Records to use START

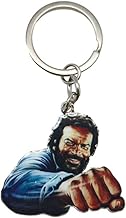 KCC002 Metal Key Ring Bud Spencer & Terence Hill, multicoloured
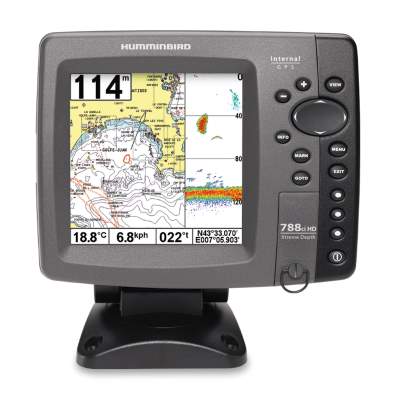 Humminbird Serie 700 Echolot 788cxi HD XD Combo Fischfinder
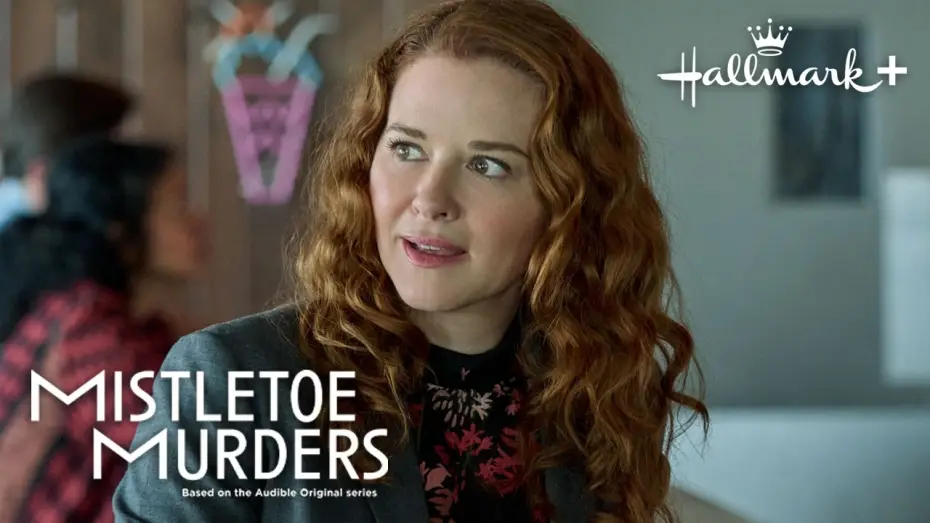 Видео к сериалу Убийства под омелой — Preview - Mistletoe Murders - Now Streaming on Hallmark+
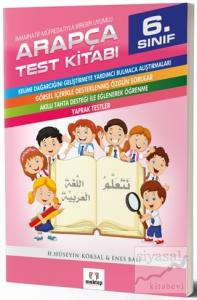 6. Sınıf Arapça Test Kitabı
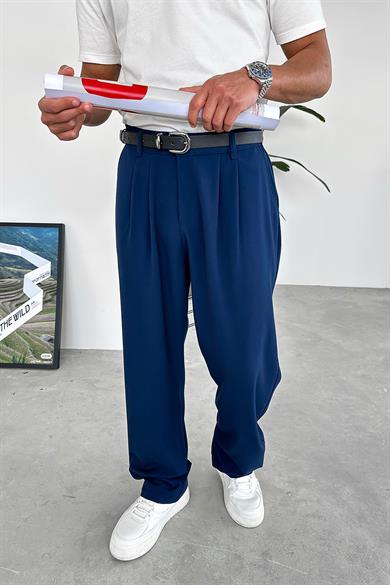 Lacivert Basic Premium Kumaş Pantolon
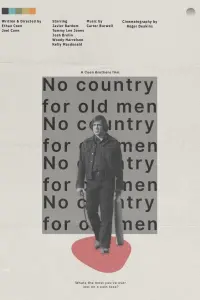 Poster to the movie "No Country for Old Men" #853078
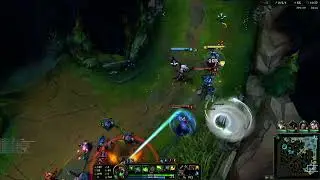 Twitch Winning a Losing Lane | Retro Ranked LoL Clip #jeebogaming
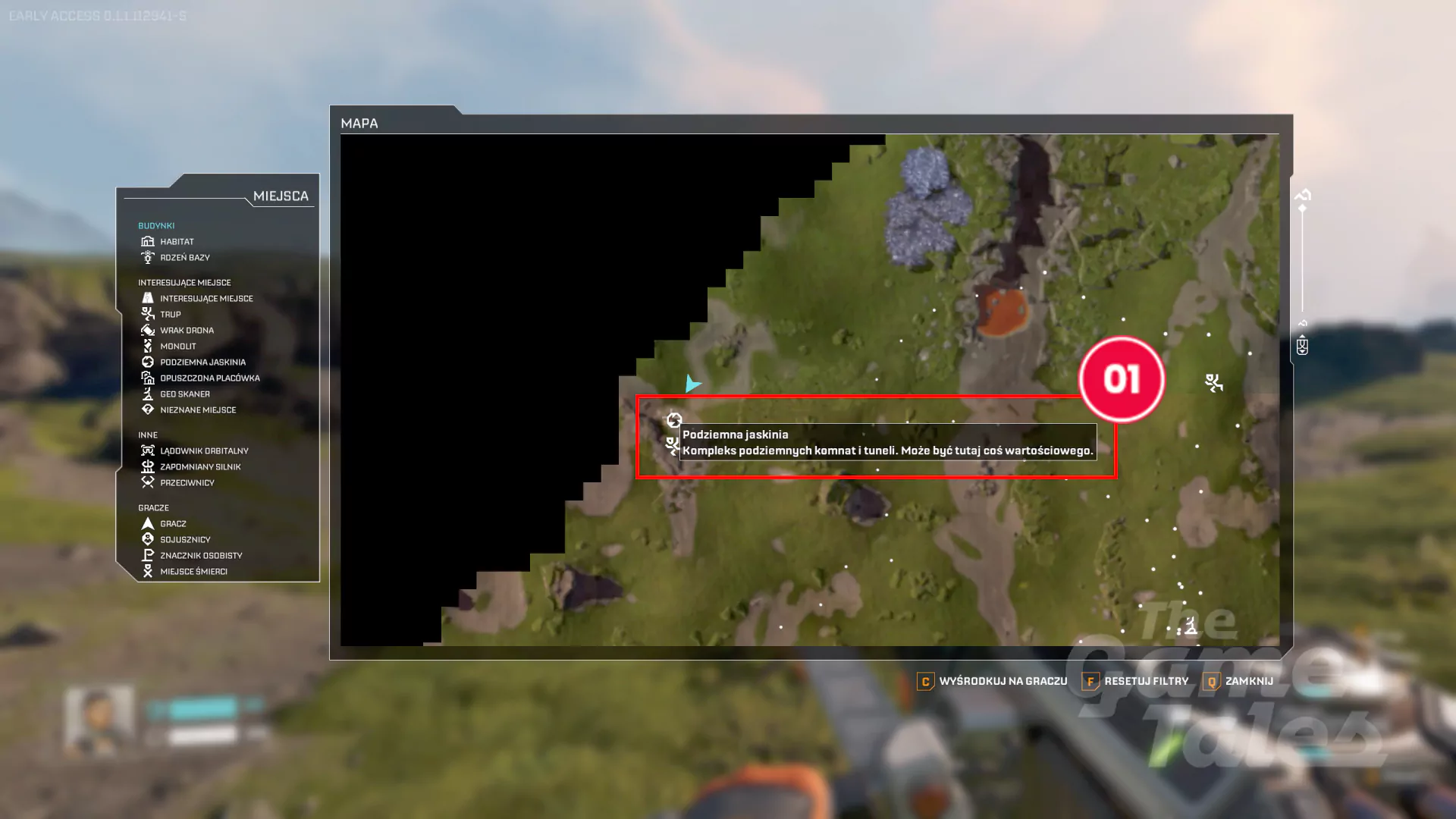 Jak wejść do podziemnej jaskini w StarRupture i co się tam znajduje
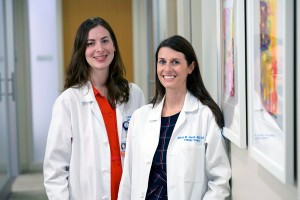 MSK Physician Assistants Eden Davis and Alicia Jones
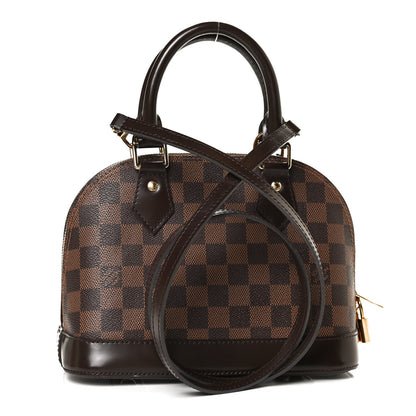 Louis Vuitton Damier Ebene Alma BB 3 of 11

Records to use END

What is needed is an exact copy of the lines from the line with "Poster to the" to the end of the data above, both included, without any pictures.

Finished exercise:
 Poster to the movie "No Country for Old Men" #853078
 Twitch Winning a Losing Lane | Retro Ranked LoL Clip #jeebogaming
 Jak wejść do podziemnej jaskini w StarRupture i co się tam znajduje
 MSK Physician Assistants Eden Davis and Alicia Jones
 Louis Vuitton Damier Ebene Alma BB 3 of 11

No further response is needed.